**SUPPLIED DATA**
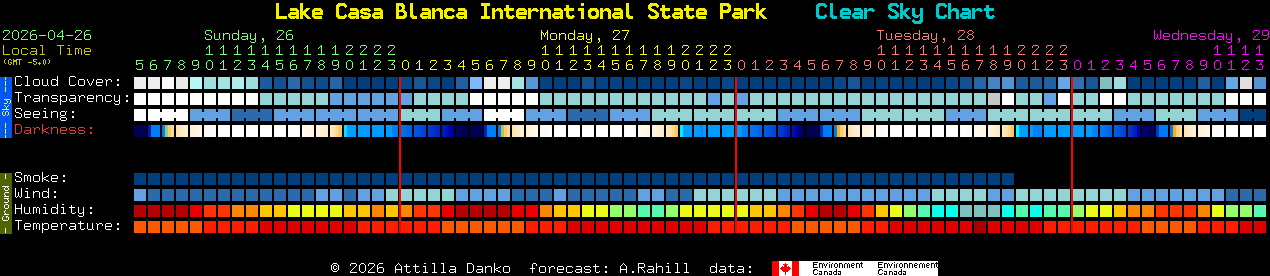 Current forecast for Lake Casa Blanca International State Park Clear Sky Chart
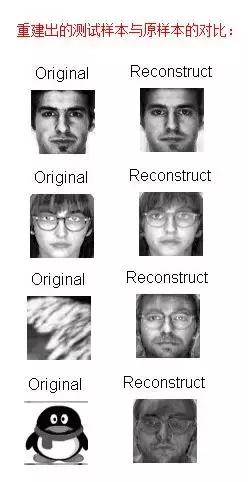 pca主成分分析该怎么分析,spsspca主成分分析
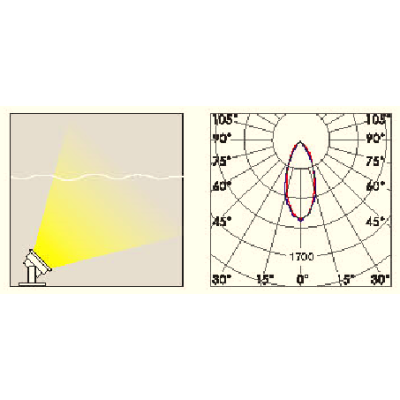 Underwater light WD-S067 | 304 stainless steel head | tempered glass diffuser | IP68 |Led module
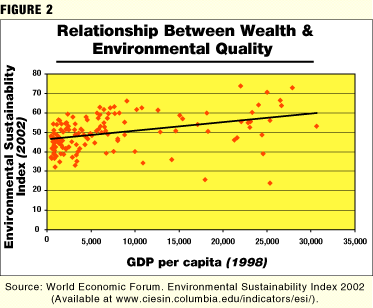 economic sustainabillity vs wealth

**WHAT YOU WILL DO**
Give again, word for word, only the lines from the line containing "Underwater light WD-S067" through the last line above, both included; leave the pictures out.

**EXERCISE SOLUTION**
 Underwater light WD-S067 | 304 stainless steel head | tempered glass diffuser | IP68 |Led module
 economic sustainabillity vs wealth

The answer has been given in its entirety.